The quarrel between Philip the Fair and Pope Boniface arose because the king needed money for a war with England and decided to tax the French clergy to get it. The French bishops did not protest against the tax, but the lower clergy appealed to the pope for help. In 1296, Boniface replied by issuing an official statement or bull, called Clericis Laicos, in which he excommunicated any king or prince who taxed the clergy without the pope’s permission. Philip retaliated by forbidding any gold or silver to leave France, thus cutting off a large part of the wealth the pope received from France. The English King Edward I took similar measures in his domains. Confronted with so much resistance, Pope Boniface was forced to allow that kings, in times of necessity, may tax the clergy of the realm without approval from Rome.



What brought about the final break between Boniface and Philip was the king’s arrest of the bishop of Palmiers on a rather flimsy charge of treason. Boniface had sent the bishop to Philip to protest against the king’s continued oppression of the clergy and to remind him of his promise to lead a crusade to retake Jerusalem.


After Philip had arrested the bishop, Boniface summoned the bishops of France to a council in Rome. He sent a letter to King Philip urging him to do justice to his subjects. But Philip’s counselors arranged a clever lie.
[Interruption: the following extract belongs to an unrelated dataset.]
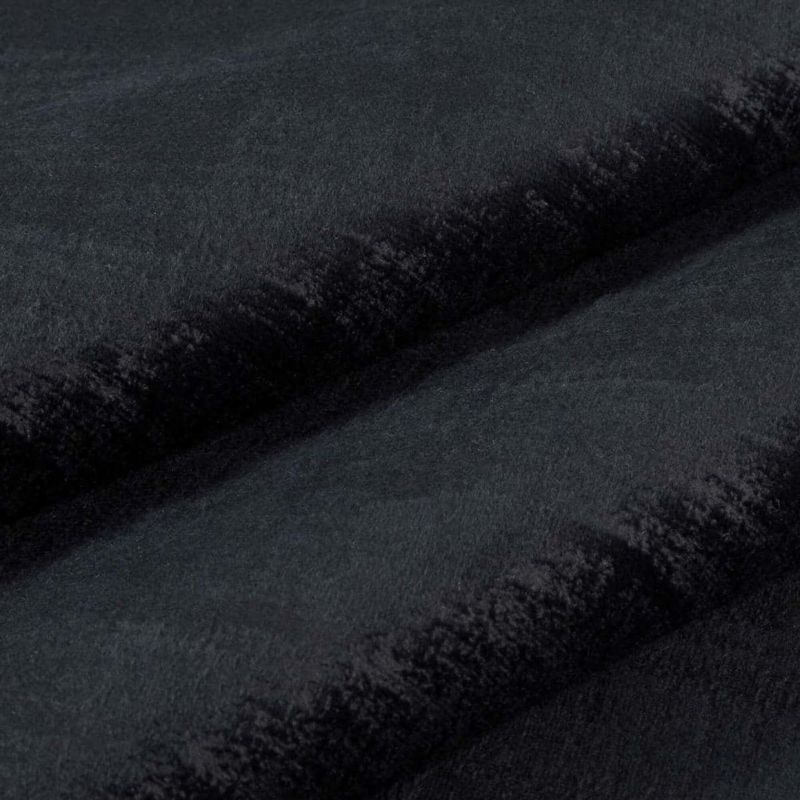 Black plush faux-fur fabric folded into two horizontal ridges, dense short pile and velvety nap; folds cast soft shadows in a close-up, evenly lit studio view.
They burned the pope’s letter and circulated a false letter in which Boniface was made to say that the king was subject to the pope in all spiritual and temporal matters. This forgery provoked the French people to outrage against the pope. But Boniface did not back down. In 1302, he issued another bull, Unam Sanctam. In that bull he reasserted his authority, as the spiritual leader of Christendom, to correct what was morally wrong—even in the conduct of kings. The bull ends with these words: “We declare, say, define, and pronounce that it is necessary for salvation for every human creature to be subject to the Roman Pontiff.”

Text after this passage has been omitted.